朝日社説 テロ指定解除―核放棄の流れを止めるな : asahi.com(朝日新聞社):社説

 これは朝日的にはブッシュ政権を褒めざるを得ないはずでどんな修辞かなと見ていくと、「ライス」は出てくるが「ブッシュ」は出て来ない。嫌いという子供じみた心理のように思える。
 ブッシュ政権の外交は、後期についてはイラク政策も北朝鮮政策も、いやむしろイスラエル問題へこそもだが、一つのドクトリンというかポリシー(現実主義)があり、朝日のようにこの側面だけしぶしぶのように評価するのは滑稽な感じはする。
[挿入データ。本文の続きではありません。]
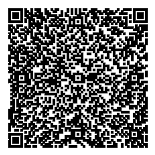 QR код гостиницы Усадьба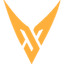 Vanir logo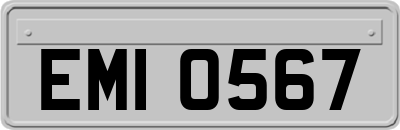 EMI0567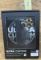 1791 Gun Leather RH Size 1 - ULTRA CUSTOM - See Photo for fit #2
 変なとばっちりを受けるのもいやだが、北朝鮮問題では、日本人の大衆心理としては、拉致問題が露呈したことが大きかった。偽悪的な言い方だが、拉致問題を露呈させずに済ませたい勢力は広範囲に存在した。これを明るみに出したのは小泉であり、これは漫画家の江川達也がそれだけは功績だと言っていたが、そこに奇妙なものはある。ただ、小泉はおそらく拉致者を穏和に北朝鮮に帰すはずだった。それをくじいたのは安倍だったと言っていいだろう。小泉と安倍へのバッシングにはいろいろと重層性があるがそれでも、この流れへの怨念のコアのようなものはあったのではないかという感じがするし、私などもこの一連と誤解されてとばっちりを受けた。私がこの問題で小泉とも安倍とも違った考えをしていることを理解してくれている人はいたが、そういう人はあまり騒がない。
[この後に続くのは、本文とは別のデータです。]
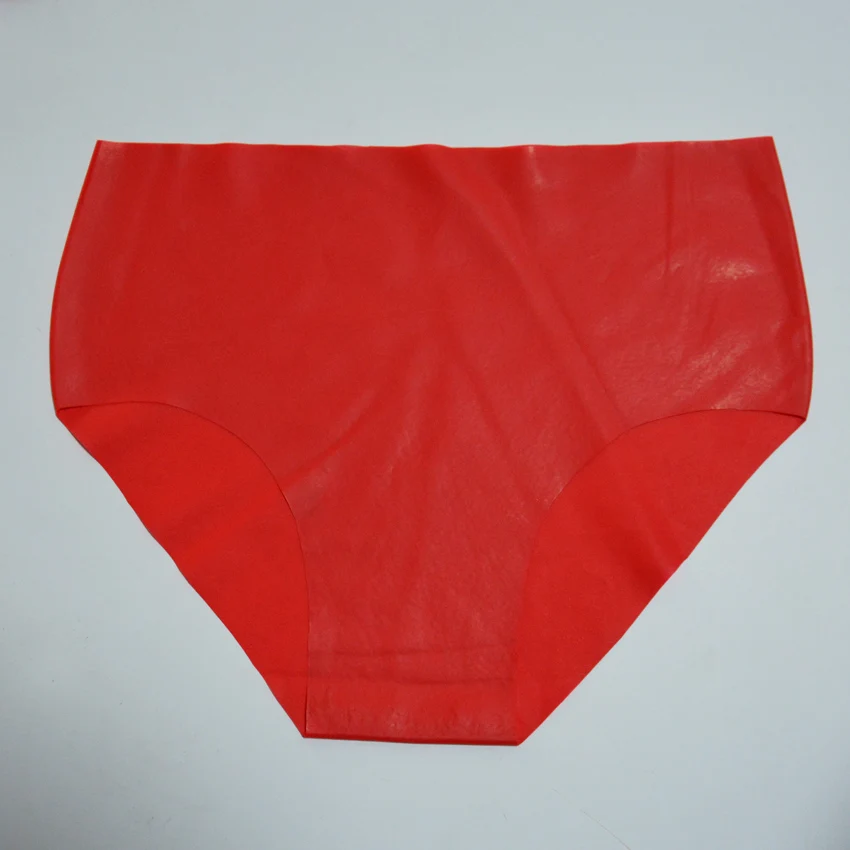 HTB1dk7BckOWBuNjSsppq6xPgpXar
 小泉と安倍のこの路線だが、小泉の当初の案はそうだとして、安倍だが、彼はそう言われているほど右傾化ではなかったというか、彼の靖国の対応でも中国の対応でもそうだが、むしろ福田などに近い。というか福田はその路線にあった。その部分でも安倍はきちんと評価はされなかったし、悪い言い方だが、政治家としての器に問題がありすぎた。麻生を見ていると器だけはでかいなと思う。
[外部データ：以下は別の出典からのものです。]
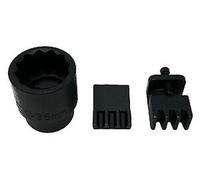 Supporto Volano Duramax CTA MANUFACTURING CORP 5455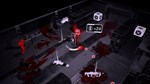 I Hear Red (steam key)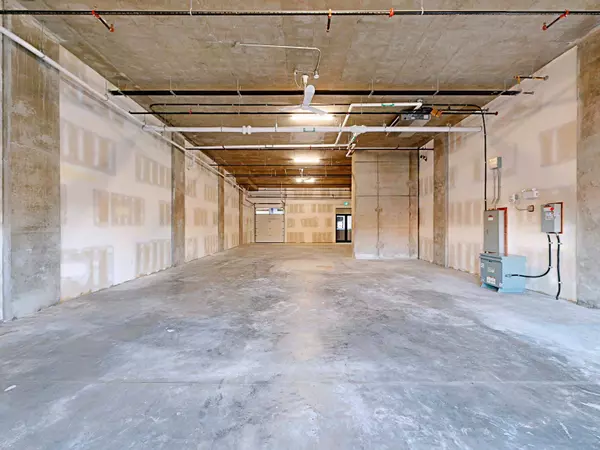 Vancouver, BC V5X 3A2,8250 Manitoba ST #364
 小泉と安倍のこの路線は、しかし、反対勢力が攻撃するのはしかたないというか、なにか別の陰謀めいた線のなかで利用されていたように見える。端的に言えばMDの関連だろう。
 今回のテロ指定解除は朝日や中国が望むような意味合いより、もう少し別の意味合いがあるだろう。中国はわかっているが、朝日までそこがわかっているかは微妙なズレはあるかもしれない。というか、北京はけっこう本気になってきているので、宣撫的なところは捨象しつつある印象がある。